**Try it**.
Each line of the listing that includes the string "Heavy" is to be identified and copied.

-------- Data records --------

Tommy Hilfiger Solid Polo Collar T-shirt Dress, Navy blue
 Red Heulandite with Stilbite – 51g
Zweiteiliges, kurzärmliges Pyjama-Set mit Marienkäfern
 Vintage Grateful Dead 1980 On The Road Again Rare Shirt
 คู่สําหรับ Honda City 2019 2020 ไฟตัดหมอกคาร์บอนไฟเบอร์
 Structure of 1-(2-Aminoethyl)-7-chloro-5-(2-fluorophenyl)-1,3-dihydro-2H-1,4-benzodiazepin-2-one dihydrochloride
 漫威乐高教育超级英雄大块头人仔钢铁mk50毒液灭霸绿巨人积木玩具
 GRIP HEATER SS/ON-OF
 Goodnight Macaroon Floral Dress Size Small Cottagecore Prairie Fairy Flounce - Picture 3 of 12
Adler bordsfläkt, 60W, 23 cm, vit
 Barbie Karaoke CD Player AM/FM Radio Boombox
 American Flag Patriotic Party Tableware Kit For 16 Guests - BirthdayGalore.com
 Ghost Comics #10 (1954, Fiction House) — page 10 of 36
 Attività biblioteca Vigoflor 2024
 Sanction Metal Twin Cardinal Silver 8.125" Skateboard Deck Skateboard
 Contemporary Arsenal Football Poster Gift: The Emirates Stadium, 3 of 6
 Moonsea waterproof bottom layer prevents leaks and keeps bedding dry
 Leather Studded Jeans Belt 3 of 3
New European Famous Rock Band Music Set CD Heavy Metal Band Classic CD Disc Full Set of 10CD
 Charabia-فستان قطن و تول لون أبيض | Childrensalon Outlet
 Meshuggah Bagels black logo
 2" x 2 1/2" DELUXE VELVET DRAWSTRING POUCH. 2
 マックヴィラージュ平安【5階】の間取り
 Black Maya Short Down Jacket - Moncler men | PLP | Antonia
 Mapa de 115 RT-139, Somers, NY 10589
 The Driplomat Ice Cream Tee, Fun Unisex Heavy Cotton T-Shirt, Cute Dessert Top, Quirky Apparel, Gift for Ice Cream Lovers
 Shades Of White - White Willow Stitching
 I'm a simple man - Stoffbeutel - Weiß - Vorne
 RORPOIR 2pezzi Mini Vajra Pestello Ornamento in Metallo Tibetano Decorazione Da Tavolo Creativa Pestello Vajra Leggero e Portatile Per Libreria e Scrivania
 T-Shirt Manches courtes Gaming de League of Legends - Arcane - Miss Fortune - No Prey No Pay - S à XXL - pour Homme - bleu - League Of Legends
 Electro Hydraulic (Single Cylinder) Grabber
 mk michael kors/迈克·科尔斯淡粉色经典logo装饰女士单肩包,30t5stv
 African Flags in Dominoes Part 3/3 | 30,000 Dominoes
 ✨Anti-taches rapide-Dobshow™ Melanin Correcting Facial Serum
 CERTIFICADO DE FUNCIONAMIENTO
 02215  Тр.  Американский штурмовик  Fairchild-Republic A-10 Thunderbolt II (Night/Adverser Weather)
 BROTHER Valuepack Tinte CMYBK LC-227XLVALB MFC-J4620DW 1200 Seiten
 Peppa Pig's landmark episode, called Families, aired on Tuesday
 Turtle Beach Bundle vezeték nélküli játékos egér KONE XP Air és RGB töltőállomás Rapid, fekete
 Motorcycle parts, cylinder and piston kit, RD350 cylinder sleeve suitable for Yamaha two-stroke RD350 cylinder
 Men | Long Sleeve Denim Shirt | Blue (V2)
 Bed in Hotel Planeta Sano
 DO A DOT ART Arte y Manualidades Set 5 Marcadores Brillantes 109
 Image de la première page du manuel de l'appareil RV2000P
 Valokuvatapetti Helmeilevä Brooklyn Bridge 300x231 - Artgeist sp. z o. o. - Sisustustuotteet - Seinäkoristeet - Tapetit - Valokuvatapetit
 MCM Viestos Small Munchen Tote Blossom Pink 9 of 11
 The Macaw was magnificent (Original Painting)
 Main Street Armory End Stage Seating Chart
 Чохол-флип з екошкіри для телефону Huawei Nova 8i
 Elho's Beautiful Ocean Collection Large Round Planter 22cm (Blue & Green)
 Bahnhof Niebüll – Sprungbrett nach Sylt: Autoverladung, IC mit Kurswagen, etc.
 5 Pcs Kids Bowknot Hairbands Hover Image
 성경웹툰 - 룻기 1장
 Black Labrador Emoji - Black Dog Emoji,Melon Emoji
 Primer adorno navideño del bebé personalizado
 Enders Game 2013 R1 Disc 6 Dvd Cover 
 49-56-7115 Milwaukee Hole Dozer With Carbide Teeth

--------

**Your response**.
New European Famous Rock Band Music Set CD Heavy Metal Band Classic CD Disc Full Set of 10CD
 The Driplomat Ice Cream Tee, Fun Unisex Heavy Cotton T-Shirt, Cute Dessert Top, Quirky Apparel, Gift for Ice Cream Lovers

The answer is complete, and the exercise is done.